Comment 2 RHEL Program Management 2010-10-15 03:28:45 UTC

Thank you for your bug report. This issue was evaluated for inclusion
in the current release of Red Hat Enterprise Linux. Unfortunately, we
are unable to address this request in the current release. Because we
are in the final stage of Red Hat Enterprise Linux 6 development, only
significant, release-blocking issues involving serious regressions and
data corruption can be considered.

If you believe this issue meets the release blocking criteria as
defined and communicated to you by your Red Hat Support representative,
please ask your representative to file this issue as a blocker for the
current release. Otherwise, ask that it be evaluated for inclusion in
the next minor release of Red Hat Enterprise Linux.

Comment 4 RHEL Program Management 2010-10-21 14:29:52 UTC

This request was evaluated by Red Hat Product Management for inclusion
in a Red Hat Enterprise Linux maintenance release. Product Management has 
requested further review of this request by Red Hat Engineering, for potential
inclusion in a Red Hat Enterprise Linux Update release for currently deployed 
products. This request is not yet committed for inclusion in an Update release.

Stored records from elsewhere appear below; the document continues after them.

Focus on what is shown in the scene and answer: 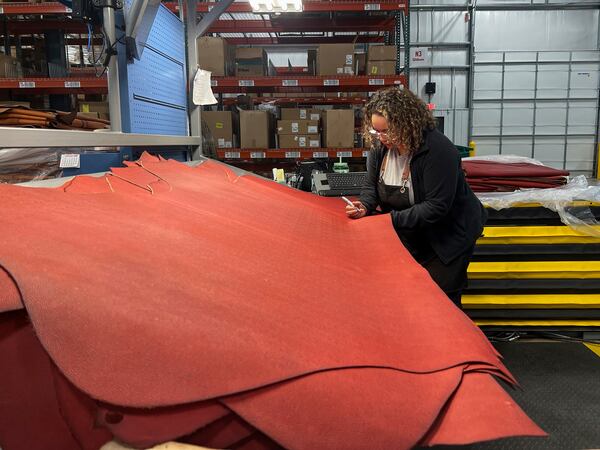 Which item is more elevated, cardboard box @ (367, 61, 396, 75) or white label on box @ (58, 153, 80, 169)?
cardboard box @ (367, 61, 396, 75)

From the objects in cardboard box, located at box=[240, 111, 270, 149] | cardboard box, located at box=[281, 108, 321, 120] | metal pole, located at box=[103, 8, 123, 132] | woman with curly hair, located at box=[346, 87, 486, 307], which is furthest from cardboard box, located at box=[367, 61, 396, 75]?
metal pole, located at box=[103, 8, 123, 132]

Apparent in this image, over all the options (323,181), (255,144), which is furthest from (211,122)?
(323,181)

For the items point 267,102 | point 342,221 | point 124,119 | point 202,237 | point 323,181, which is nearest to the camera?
point 202,237

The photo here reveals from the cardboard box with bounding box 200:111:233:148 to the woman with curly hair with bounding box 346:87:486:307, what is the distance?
3157 mm

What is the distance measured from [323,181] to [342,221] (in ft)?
3.78

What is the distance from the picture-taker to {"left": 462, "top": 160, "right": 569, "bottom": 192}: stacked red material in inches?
104

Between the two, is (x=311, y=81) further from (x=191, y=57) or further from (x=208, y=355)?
(x=208, y=355)

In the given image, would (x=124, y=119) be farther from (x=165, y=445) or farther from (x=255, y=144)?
(x=255, y=144)

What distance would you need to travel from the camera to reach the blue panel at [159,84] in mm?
1999

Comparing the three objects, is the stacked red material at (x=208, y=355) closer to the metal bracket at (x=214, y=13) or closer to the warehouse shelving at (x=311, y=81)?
the metal bracket at (x=214, y=13)

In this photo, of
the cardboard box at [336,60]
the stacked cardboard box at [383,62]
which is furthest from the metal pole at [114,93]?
the stacked cardboard box at [383,62]

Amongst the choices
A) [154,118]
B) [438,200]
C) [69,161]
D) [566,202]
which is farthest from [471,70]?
[69,161]

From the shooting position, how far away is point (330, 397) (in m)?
0.45

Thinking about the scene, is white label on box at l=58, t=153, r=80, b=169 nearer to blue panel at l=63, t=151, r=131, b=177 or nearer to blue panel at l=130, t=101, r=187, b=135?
blue panel at l=63, t=151, r=131, b=177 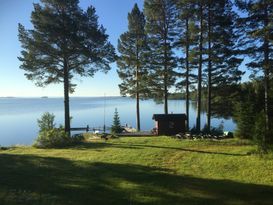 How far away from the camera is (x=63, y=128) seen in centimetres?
2672

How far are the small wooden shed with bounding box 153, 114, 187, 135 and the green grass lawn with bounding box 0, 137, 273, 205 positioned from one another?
31.0 ft

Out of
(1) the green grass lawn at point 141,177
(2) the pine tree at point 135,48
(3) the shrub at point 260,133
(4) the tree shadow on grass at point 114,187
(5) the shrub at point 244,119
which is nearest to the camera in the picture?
(4) the tree shadow on grass at point 114,187

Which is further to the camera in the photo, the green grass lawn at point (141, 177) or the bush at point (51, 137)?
the bush at point (51, 137)

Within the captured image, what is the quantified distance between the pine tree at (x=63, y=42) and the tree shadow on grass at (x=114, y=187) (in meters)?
12.2

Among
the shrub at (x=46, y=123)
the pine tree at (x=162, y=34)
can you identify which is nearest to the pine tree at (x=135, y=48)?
the pine tree at (x=162, y=34)

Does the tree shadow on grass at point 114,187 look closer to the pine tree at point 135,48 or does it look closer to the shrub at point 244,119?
the shrub at point 244,119

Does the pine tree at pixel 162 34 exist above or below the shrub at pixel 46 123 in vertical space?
above

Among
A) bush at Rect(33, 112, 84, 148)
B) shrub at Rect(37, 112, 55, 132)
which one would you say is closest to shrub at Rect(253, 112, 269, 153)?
bush at Rect(33, 112, 84, 148)

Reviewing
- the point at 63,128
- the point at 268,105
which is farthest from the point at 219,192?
the point at 63,128

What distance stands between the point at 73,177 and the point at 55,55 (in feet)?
49.1

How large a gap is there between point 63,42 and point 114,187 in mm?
16828

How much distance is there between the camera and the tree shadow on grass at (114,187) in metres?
11.1

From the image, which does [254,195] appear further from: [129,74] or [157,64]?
[129,74]

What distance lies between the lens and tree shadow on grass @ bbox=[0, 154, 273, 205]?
36.5ft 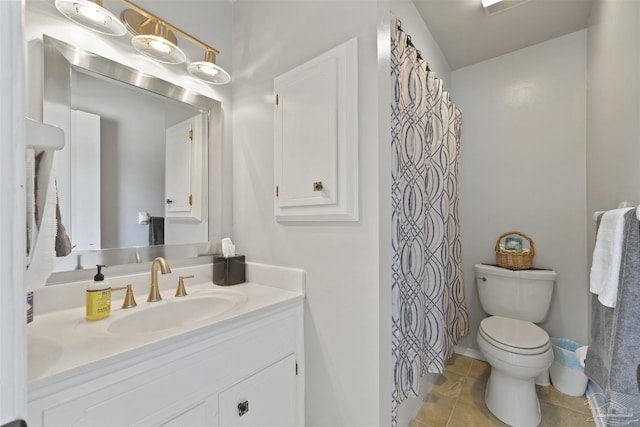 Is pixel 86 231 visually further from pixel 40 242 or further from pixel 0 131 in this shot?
pixel 0 131

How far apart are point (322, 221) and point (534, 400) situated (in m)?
1.62

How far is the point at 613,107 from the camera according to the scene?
1.31m

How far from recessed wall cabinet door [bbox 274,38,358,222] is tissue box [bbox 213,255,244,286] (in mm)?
330

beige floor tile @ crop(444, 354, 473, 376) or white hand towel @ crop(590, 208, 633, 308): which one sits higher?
white hand towel @ crop(590, 208, 633, 308)

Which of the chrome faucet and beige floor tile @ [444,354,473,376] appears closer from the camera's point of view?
the chrome faucet

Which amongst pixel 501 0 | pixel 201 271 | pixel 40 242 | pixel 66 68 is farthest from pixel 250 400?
pixel 501 0

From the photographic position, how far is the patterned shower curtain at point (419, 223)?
1204mm

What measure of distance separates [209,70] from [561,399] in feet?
9.29

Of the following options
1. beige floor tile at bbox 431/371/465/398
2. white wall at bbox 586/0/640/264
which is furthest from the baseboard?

Comment 6 Aristeu Rozanski 2011-02-03 17:24:53 UTC

Patch(es) available on kernel-2.6.32-112.el6

Comment 10 Gris Ge 2011-03-09 03:24:19 UTC

Mike,

I failed to reproduce this issue by reduce node.session.cmds_max to 16 and perform huge IO aganist that iscsi disk for about 2 hour.

The network between target and initiator is about 200ms.
10 process 'perl -e while(1){}' is running to consume CPU.

I don't have any change to see any 'Could not send nopout' error.

Can you advise me on how to reproduce this problem?

Comment 11 Mike Christie 2011-03-10 00:41:22 UTC

It is a little difficult.

What target are you using? It is easiest to hit with a Equallogic target.


You need to use bnx2i or cxgb3i (iscsi_tcp does not show the problem), make sure your IO test is set to send more than cmds_max IOs and your target also has to support that many IOs.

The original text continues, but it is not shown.